- Exercise prompt
Go through the listing below and write out exactly the lines from the one that mentions "Hi friends, the" through the one that mentions "The first group", minus the pictures.

- Available records
★ ★ ★ ★
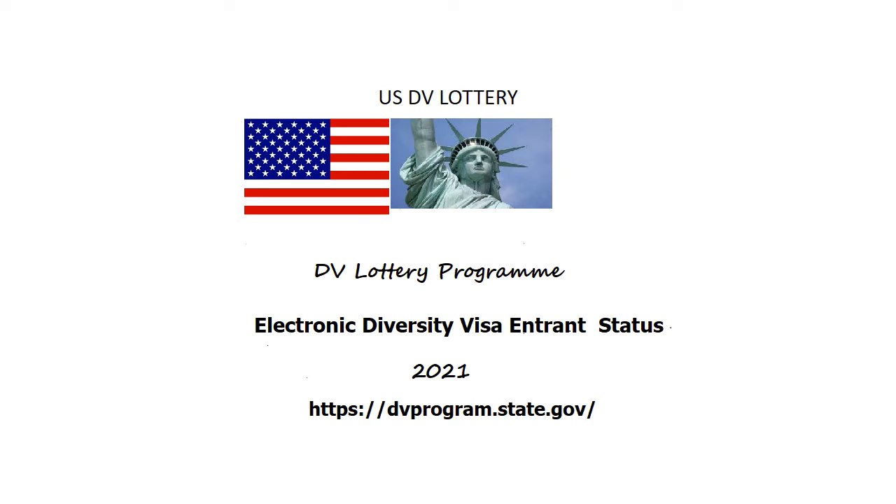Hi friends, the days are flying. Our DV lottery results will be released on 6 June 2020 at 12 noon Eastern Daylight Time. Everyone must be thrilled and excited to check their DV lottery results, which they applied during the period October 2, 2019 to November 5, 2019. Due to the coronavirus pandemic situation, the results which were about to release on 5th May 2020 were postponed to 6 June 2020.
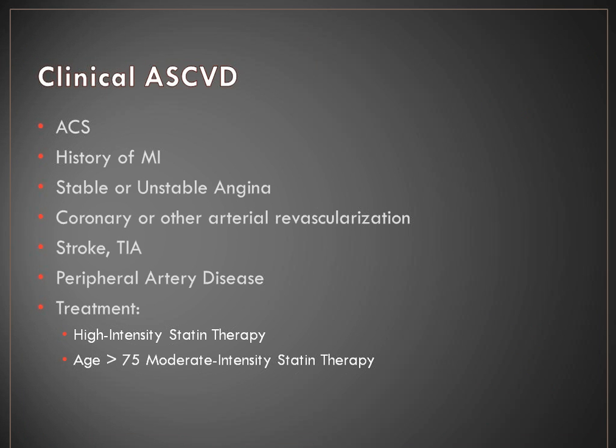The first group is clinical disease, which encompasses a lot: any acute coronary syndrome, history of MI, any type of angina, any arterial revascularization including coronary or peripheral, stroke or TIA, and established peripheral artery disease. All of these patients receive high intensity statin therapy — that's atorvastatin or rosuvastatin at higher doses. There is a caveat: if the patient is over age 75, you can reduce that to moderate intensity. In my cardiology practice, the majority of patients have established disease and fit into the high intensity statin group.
★ ★ ★ ★
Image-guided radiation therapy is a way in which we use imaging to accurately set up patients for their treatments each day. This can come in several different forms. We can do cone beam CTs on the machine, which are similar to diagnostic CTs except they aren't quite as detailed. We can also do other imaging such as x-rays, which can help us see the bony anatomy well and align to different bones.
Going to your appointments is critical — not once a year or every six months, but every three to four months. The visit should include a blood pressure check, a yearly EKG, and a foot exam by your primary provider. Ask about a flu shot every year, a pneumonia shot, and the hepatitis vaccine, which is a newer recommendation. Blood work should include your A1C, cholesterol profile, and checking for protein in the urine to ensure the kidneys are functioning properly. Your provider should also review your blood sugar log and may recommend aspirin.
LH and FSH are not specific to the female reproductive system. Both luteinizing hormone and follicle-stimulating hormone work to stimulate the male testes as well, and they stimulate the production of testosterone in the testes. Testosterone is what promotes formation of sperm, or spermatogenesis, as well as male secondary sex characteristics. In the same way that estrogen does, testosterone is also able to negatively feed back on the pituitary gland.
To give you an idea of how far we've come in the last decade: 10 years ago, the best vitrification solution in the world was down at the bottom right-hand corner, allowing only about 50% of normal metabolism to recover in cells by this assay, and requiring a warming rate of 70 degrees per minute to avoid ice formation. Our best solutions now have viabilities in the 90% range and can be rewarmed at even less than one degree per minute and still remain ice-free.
★ ★ ★ ★
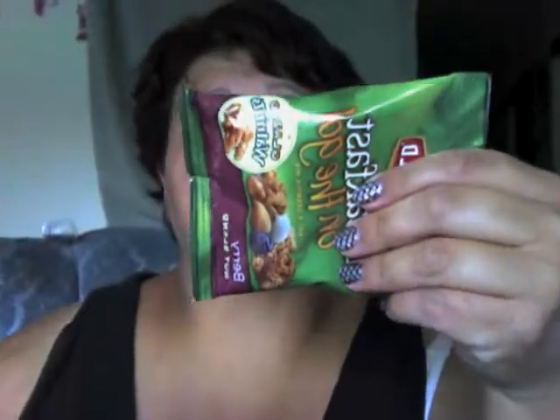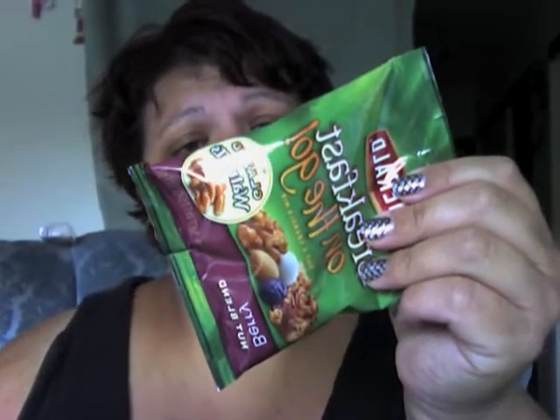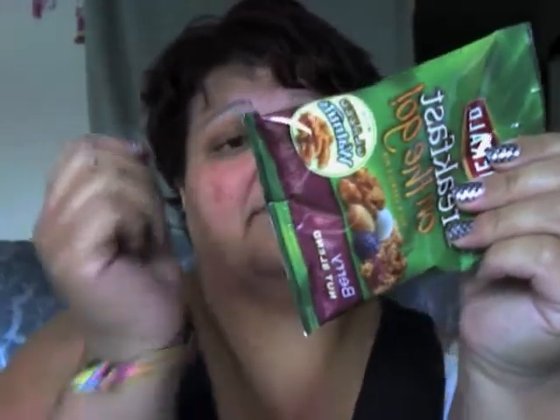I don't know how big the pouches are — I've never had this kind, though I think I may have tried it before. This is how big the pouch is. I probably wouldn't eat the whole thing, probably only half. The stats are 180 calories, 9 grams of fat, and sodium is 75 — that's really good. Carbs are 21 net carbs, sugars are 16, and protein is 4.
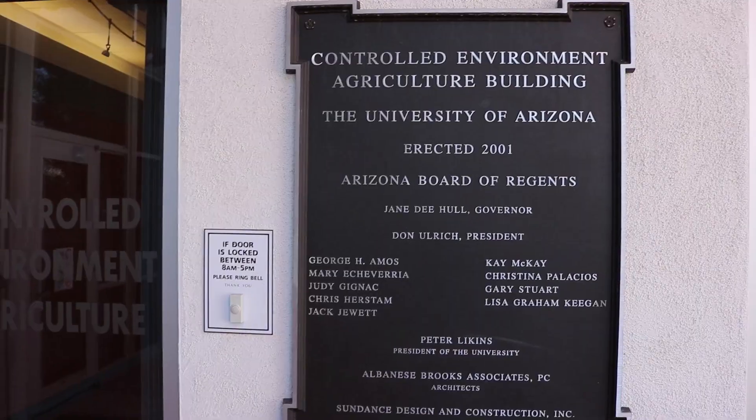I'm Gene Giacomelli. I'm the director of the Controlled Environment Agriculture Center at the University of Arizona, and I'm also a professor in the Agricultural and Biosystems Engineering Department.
★ ★ ★ ★
- Exercise output
Hi friends, the days are flying. Our DV lottery results will be released on 6 June 2020 at 12 noon Eastern Daylight Time. Everyone must be thrilled and excited to check their DV lottery results, which they applied during the period October 2, 2019 to November 5, 2019. Due to the coronavirus pandemic situation, the results which were about to release on 5th May 2020 were postponed to 6 June 2020.
The first group is clinical disease, which encompasses a lot: any acute coronary syndrome, history of MI, any type of angina, any arterial revascularization including coronary or peripheral, stroke or TIA, and established peripheral artery disease. All of these patients receive high intensity statin therapy — that's atorvastatin or rosuvastatin at higher doses. There is a caveat: if the patient is over age 75, you can reduce that to moderate intensity. In my cardiology practice, the majority of patients have established disease and fit into the high intensity statin group.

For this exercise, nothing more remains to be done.